6Das Planungsverfahren nahm im Wesentlichen folgenden Verlauf:
7In seiner Sitzung vom 19. Dezember 1996 beschloss der Rat der Antragsgegnerin die Aufstellung der 6. Änderung des Flächennutzungsplanes der Gemeinde für Vorrangflächen Windkraft. Zur Begründung ist ausgeführt, dass zum 1. Januar 1997 die Änderung des Baugesetzbuches in Kraft trete, mit der Windenergieanlagen im Außenbereich privilegiert würden. Gleichzeitig räume das Gesetz Gemeinden eine Übergangszeit bis zum 31. Dezember 1998 ein, Bauanträge im Außenbereich abzulehnen, wenn Vorrangflächen für Windenergieanlagen in der gemeindlichen Bauleitplanung dargestellt würden. Der Beschluss zur entsprechenden Änderung des Flächennutzungsplanes müsse allerdings bis zum 31. Dezember 1996 gefasst werden.
8Am 15. Mai 1997 fasste der Rat der Antragsgegnerin nach Durchführung der aus seiner Sicht entscheidungsrelevanten Voruntersuchungen zur Standortfindung des Ingenieurbüros C2. einen Standortbeschluss, mit dem eine ca. 50 ha große im östlichen Gemeindegebiet gelegene Fläche als geeignet eingestuft wurde.

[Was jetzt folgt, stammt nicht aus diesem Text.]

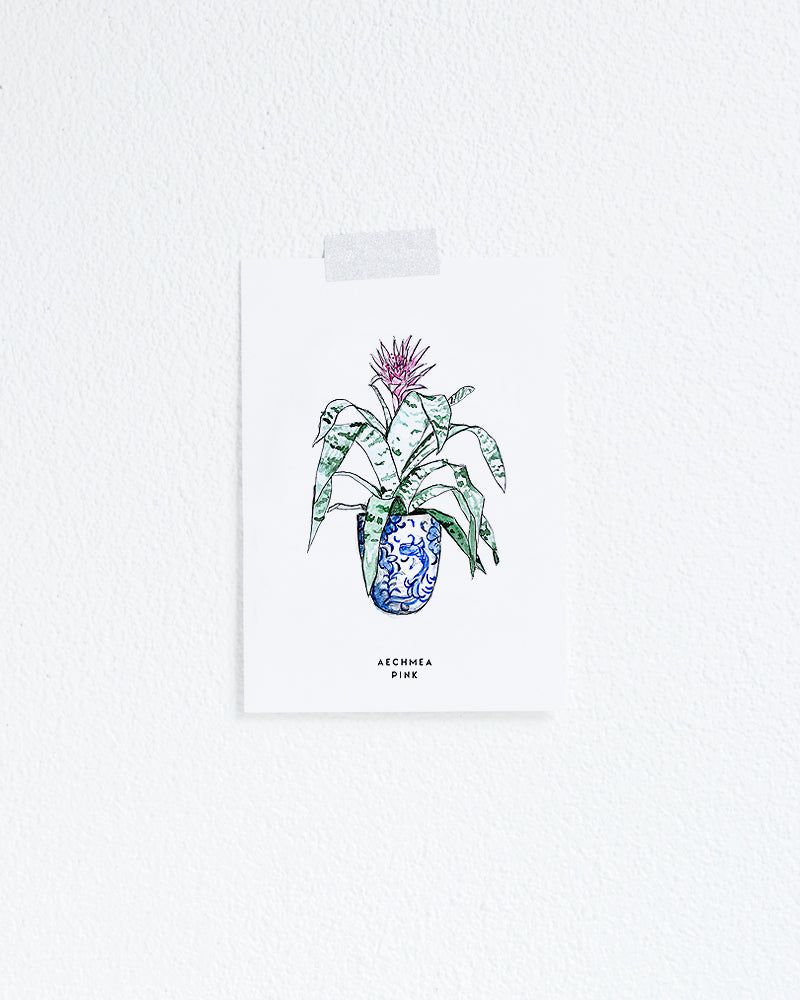 Wenskaart Planten: Achmea Pink
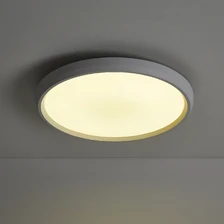 Фото потолочные светильники FR6211CL-L24W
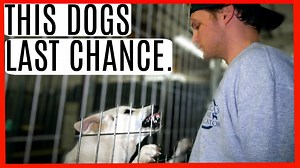 27K views · 1.8K reactions | NOT A JOKE! This aggressive german shepherd has severe resource guarding behavioral problems. Professional dog trainer Tom Davis walks you through the entire dog training process and how to work with an aggressive dog. | Tom Davis Dog Training | Facebook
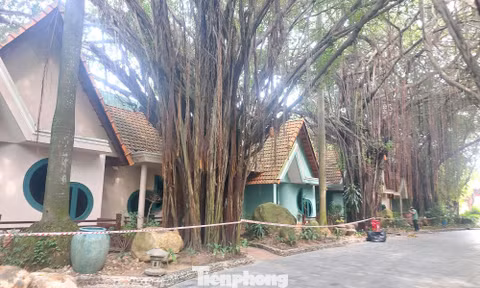 Cận cảnh hàng chục căn villa khu resort ở TPHCM bị phong tỏa vì nứt tường, sập trần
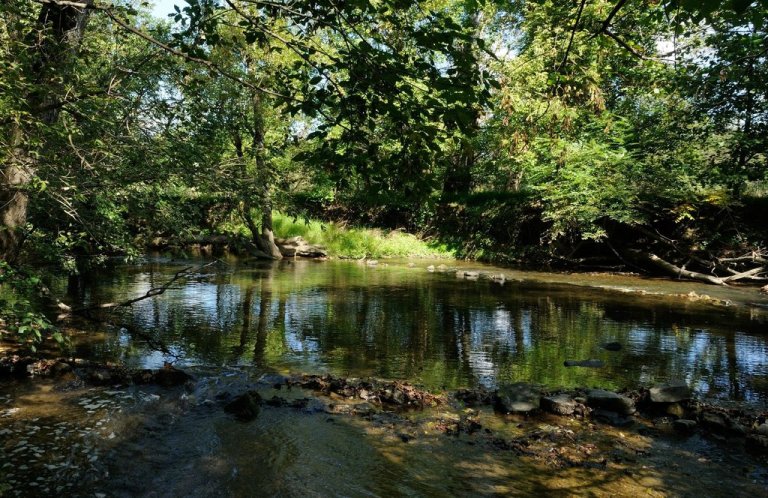 Wander the Trails Along Red Clay Creek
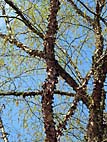 foto bomen: Zwarte_berk__Betula_nigra__River_birch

Der Abgrenzungsbeschluss wurde am 5. Juni 1997 ortsüblich bekanntgemacht.
9In der Folge beschloss der Rat am 6. November 1997, zu dem Entwurf der 6. Änderung die Beteiligung der Öffentlichkeit sowie der Behörden und sonstigen Träger öffentlicher Belange durchzuführen. Diese fand in der Zeit vom 12. Januar 1998 bis 13. Februar 1998 statt.
10Nachdem Teile der Öffentlichkeit sowie insbesondere der Landschaftsbeirat des Kreises M. Bedenken gegen die vorgesehene Vorrangzone erhoben hatten, beschloss der Rat der Antragsgegnerin in seiner Sitzung vom 18. Juni 1998 in Abwägung dieser Einwände die Änderung der Umgrenzung der vorgesehenen Vorrangzone auf den dann letztlich beschlossenen Bereich unter Aufhebung der bisher gefassten Beschlüsse und zugleich die Offenlage des neuen Entwurfes. Diese Offenlage fand in der Zeit vom 14. August 1998 bis 25. September 1998 statt. Im Zuge dieser Öffentlichkeits- und Behördenbeteiligung gingen keine Einwendungen oder Anregungen aus der Öffentlichkeit und seitens der Behörden lediglich Hinweise ein. Einer dieser Hinweise bezog sich darauf, dass die mit der Änderung des Flächennutzungsplanes verbundene planerische Absicht, Windenergieanlagen außerhalb der Konzentrationszone auszuschließen, unter Bezug auf § 35 Abs. 3 Satz 3 BauGB im Erläuterungsbericht ausdrücklich erklärt werden solle. Dem kam die Antragsgegnerin mit dem Bemerken nach, dass der Hinweis auf die Unzulässigkeit der Errichtung von Windenergieanlagen außerhalb der Konzentrationszone bereits auf Seite 15 des Erläuterungsberichts ausdrücklich enthalten sei. Weder bei der ersten noch bei der zweiten Öffentlichkeitsbeteiligung wurde von Seiten der interessierten Öffentlichkeit der Wunsch geäußert, andere oder zusätzliche Flächen für die Nutzung der Windenergie zur Verfügung zu stellen. Die Antragstellerin oder einer ihrer Gesellschafter haben im Verfahren keinerlei Stellungnahmen abgegeben.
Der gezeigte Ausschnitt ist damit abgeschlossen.